***** EXCERPTED DATA *****

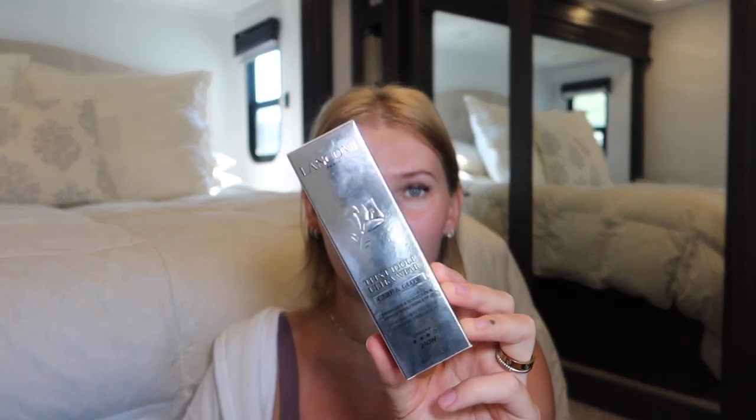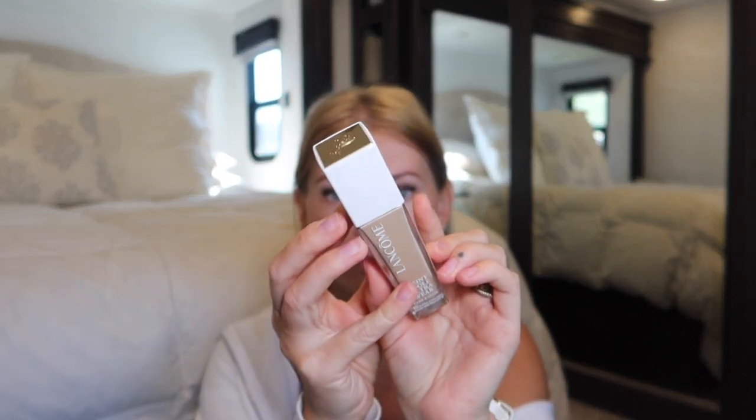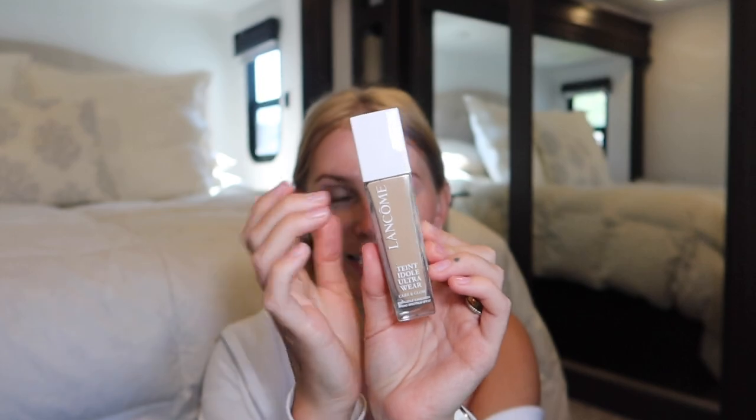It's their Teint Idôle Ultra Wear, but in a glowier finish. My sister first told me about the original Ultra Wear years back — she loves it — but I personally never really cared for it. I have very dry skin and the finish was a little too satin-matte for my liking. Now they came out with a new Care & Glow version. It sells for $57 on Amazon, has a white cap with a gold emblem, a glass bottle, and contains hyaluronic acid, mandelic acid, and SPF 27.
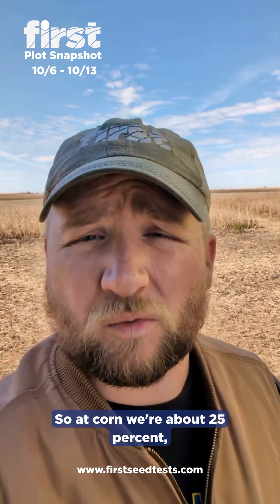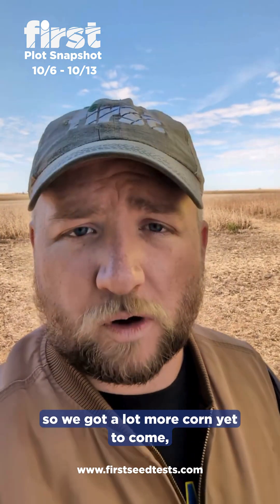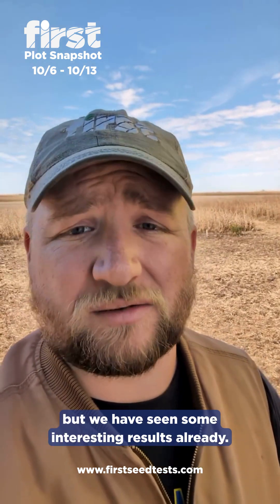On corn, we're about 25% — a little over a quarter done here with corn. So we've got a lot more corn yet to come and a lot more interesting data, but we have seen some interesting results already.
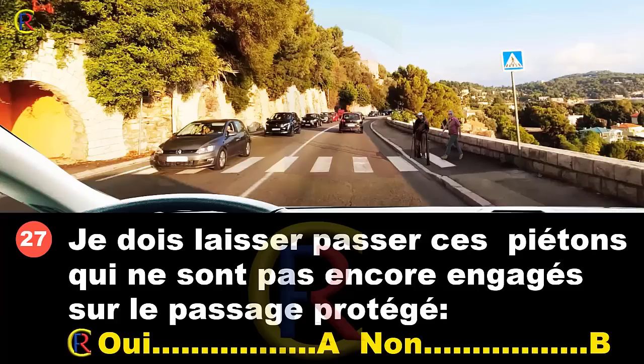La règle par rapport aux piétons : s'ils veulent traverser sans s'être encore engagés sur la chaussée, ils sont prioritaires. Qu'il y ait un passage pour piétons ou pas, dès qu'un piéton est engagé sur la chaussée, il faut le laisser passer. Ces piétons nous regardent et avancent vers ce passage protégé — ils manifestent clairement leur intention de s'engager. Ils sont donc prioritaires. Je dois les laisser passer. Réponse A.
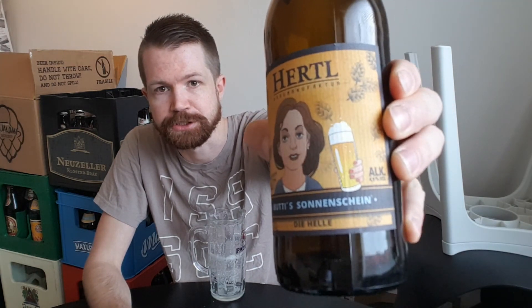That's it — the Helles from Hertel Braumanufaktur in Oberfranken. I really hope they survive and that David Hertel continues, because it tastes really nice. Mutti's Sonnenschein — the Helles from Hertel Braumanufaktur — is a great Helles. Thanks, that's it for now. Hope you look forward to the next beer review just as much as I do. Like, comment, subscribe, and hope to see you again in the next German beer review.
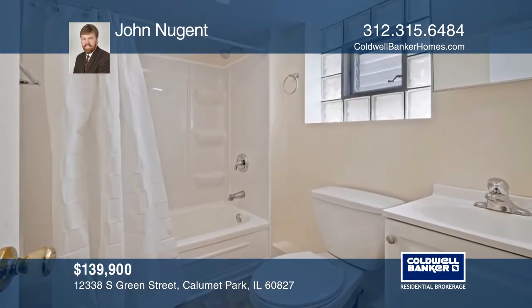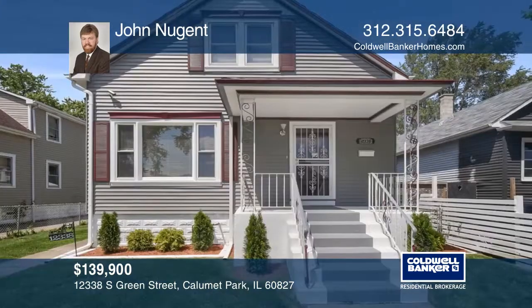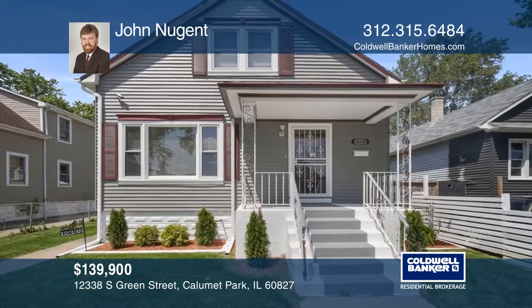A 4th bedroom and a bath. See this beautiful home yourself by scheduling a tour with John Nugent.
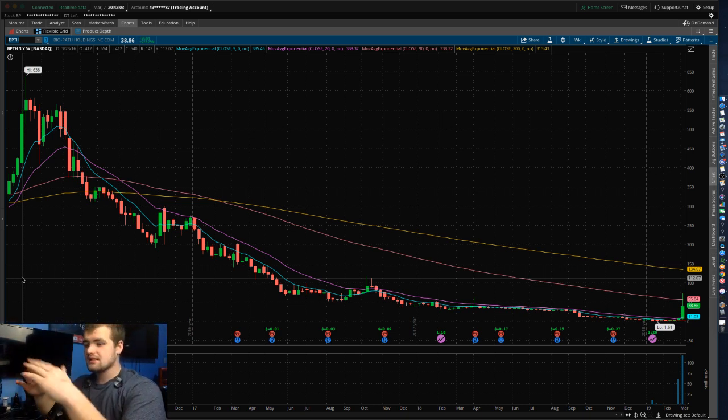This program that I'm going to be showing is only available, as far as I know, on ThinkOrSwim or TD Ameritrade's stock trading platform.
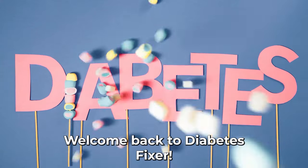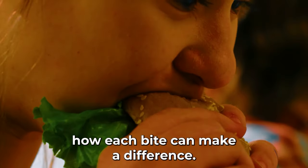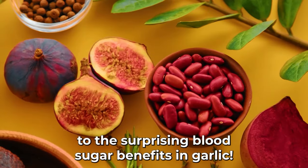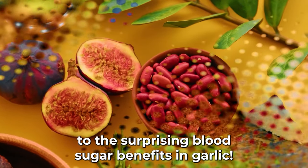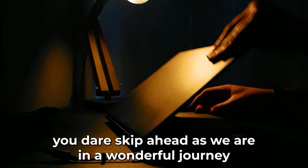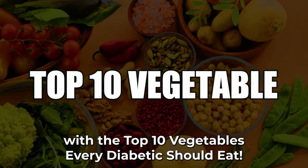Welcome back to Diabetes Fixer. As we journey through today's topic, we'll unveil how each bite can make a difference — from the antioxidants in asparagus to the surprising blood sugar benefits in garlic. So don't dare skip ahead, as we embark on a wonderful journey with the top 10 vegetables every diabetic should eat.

*****
***** EXCERPTED DATA *****

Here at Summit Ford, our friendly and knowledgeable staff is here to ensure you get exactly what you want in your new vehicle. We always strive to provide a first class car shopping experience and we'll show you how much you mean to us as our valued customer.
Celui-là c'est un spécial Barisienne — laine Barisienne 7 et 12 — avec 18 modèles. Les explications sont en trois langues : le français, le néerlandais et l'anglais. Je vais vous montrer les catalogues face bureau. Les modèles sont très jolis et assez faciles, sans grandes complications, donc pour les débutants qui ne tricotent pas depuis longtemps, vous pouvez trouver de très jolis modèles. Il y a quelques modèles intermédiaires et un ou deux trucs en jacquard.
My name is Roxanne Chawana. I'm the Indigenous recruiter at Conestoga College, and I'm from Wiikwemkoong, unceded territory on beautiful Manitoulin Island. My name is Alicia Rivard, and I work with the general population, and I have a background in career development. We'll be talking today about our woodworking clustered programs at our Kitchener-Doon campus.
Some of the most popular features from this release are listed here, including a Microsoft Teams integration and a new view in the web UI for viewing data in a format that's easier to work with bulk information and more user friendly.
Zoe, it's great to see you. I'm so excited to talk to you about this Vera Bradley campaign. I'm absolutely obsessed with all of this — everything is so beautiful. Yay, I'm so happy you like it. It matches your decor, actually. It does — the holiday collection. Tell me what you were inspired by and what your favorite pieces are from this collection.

*****

* **EXERCISE DETAILS**
Exact copy, no pictures. Write out the lines in the entries above, starting with the line with "This program that" and going on through the line with "Welcome back to", keeping both.

* **ANSWER TO THE PROBLEM**
This program that I'm going to be showing is only available, as far as I know, on ThinkOrSwim or TD Ameritrade's stock trading platform.
Welcome back to Diabetes Fixer. As we journey through today's topic, we'll unveil how each bite can make a difference — from the antioxidants in asparagus to the surprising blood sugar benefits in garlic. So don't dare skip ahead, as we embark on a wonderful journey with the top 10 vegetables every diabetic should eat.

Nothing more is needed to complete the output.